** Opening Records for this exercise block **

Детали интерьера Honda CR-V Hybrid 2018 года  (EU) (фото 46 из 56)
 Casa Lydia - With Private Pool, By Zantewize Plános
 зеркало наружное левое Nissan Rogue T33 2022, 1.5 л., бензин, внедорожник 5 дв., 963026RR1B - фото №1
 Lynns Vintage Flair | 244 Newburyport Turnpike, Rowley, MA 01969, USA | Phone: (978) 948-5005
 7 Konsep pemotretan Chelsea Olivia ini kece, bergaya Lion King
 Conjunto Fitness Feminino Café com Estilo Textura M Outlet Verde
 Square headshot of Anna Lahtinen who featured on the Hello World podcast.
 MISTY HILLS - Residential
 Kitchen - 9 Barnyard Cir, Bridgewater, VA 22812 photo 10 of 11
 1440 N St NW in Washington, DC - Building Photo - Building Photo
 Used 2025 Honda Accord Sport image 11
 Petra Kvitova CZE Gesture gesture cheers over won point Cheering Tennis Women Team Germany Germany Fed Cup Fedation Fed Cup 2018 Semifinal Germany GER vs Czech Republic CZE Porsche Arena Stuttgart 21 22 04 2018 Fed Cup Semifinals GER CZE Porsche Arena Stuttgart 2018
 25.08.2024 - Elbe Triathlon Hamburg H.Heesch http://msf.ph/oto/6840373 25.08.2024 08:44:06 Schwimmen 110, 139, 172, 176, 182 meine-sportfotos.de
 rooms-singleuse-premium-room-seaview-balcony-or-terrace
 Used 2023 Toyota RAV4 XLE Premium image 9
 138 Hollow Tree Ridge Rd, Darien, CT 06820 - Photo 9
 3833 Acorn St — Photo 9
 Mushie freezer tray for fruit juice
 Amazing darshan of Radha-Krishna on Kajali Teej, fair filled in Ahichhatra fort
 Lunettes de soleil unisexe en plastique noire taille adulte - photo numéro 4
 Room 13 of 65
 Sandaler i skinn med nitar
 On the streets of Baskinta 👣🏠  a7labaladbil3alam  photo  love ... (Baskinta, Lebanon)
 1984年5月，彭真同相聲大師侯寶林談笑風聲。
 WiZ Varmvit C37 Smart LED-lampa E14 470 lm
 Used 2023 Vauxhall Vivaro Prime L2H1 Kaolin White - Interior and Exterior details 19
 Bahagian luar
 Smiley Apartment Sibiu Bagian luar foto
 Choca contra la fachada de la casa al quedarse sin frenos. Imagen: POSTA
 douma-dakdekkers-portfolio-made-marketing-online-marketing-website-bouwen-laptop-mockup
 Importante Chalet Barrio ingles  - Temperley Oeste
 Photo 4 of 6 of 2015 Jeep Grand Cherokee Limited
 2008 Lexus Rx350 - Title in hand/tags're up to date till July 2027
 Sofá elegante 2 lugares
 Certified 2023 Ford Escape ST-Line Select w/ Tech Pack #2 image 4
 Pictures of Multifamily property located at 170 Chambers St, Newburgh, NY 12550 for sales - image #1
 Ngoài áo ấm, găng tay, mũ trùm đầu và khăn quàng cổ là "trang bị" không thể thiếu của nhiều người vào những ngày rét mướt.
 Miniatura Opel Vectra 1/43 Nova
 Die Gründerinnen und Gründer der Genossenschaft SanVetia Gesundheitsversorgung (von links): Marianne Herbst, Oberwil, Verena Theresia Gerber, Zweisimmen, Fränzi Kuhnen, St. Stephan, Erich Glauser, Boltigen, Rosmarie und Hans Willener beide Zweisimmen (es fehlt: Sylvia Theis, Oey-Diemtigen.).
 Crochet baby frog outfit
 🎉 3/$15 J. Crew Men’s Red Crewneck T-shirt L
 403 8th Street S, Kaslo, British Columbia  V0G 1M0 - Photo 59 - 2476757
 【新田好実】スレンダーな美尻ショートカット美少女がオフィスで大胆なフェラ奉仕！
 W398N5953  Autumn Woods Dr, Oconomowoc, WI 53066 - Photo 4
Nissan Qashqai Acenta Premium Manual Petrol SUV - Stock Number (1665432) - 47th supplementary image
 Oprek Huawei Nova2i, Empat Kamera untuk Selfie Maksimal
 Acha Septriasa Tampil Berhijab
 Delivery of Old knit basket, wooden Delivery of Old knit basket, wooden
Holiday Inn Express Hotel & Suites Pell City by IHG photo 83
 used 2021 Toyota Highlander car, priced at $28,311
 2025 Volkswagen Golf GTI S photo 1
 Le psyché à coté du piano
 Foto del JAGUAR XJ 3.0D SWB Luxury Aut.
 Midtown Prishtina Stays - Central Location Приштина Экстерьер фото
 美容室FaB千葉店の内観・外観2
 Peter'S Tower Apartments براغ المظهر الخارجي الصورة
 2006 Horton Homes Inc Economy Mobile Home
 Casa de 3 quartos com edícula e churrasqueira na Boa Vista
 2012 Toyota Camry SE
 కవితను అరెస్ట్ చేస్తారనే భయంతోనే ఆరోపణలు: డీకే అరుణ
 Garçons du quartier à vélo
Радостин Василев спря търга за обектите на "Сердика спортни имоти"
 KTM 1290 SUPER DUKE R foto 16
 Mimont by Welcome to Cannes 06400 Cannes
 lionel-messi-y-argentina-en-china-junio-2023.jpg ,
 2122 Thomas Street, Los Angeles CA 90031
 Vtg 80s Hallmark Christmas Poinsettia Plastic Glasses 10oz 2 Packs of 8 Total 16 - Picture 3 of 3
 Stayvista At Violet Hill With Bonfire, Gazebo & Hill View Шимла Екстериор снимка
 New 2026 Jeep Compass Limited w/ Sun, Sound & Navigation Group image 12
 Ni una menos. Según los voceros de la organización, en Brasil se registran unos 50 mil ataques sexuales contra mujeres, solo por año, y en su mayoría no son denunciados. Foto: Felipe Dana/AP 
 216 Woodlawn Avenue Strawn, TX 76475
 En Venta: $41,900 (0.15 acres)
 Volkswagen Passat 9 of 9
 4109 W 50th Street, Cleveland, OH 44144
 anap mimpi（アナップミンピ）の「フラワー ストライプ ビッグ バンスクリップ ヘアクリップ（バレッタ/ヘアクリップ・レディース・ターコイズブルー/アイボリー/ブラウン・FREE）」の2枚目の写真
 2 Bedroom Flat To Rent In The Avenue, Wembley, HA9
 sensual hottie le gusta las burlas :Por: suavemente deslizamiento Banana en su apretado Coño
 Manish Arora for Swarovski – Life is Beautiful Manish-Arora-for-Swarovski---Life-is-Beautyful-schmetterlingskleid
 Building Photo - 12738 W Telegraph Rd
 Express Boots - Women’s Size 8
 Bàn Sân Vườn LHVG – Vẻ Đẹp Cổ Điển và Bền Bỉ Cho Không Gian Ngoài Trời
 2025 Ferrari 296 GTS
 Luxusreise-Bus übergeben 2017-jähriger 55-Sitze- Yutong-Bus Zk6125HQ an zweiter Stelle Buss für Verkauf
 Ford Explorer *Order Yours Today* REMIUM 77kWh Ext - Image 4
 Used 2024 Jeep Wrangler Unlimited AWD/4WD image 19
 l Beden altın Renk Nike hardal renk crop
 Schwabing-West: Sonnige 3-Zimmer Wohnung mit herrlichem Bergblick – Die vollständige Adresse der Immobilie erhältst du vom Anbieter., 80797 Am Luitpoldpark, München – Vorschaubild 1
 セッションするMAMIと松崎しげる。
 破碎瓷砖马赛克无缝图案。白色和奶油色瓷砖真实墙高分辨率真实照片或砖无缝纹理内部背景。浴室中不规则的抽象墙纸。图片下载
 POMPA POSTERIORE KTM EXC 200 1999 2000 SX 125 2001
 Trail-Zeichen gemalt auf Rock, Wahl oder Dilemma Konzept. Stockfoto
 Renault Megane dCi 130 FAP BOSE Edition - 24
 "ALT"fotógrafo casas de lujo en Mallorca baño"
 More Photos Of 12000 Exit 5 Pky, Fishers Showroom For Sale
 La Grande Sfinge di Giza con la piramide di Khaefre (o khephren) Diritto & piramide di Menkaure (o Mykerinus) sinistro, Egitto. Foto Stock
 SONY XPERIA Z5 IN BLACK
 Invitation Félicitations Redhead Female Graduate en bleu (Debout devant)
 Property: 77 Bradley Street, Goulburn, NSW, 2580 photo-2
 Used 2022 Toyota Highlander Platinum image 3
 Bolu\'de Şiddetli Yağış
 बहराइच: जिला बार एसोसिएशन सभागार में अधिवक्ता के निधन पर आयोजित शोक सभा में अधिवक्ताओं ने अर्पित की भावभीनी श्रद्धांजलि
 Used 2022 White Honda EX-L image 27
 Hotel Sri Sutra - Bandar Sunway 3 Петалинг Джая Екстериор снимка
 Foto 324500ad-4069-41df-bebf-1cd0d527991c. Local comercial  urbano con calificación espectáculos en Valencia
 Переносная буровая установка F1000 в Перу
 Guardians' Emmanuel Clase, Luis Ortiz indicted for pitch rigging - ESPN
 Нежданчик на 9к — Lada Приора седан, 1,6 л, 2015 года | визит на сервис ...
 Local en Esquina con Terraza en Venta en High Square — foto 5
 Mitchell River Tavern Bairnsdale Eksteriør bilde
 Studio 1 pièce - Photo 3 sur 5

** Closing Records for this exercise block **

> **What to produce**
Set down the lines above exactly as written. Begin at the line containing "Mitchell River Tavern" and stop after the last line.

> **Reply to the exercise**
 Mitchell River Tavern Bairnsdale Eksteriør bilde
 Studio 1 pièce - Photo 3 sur 5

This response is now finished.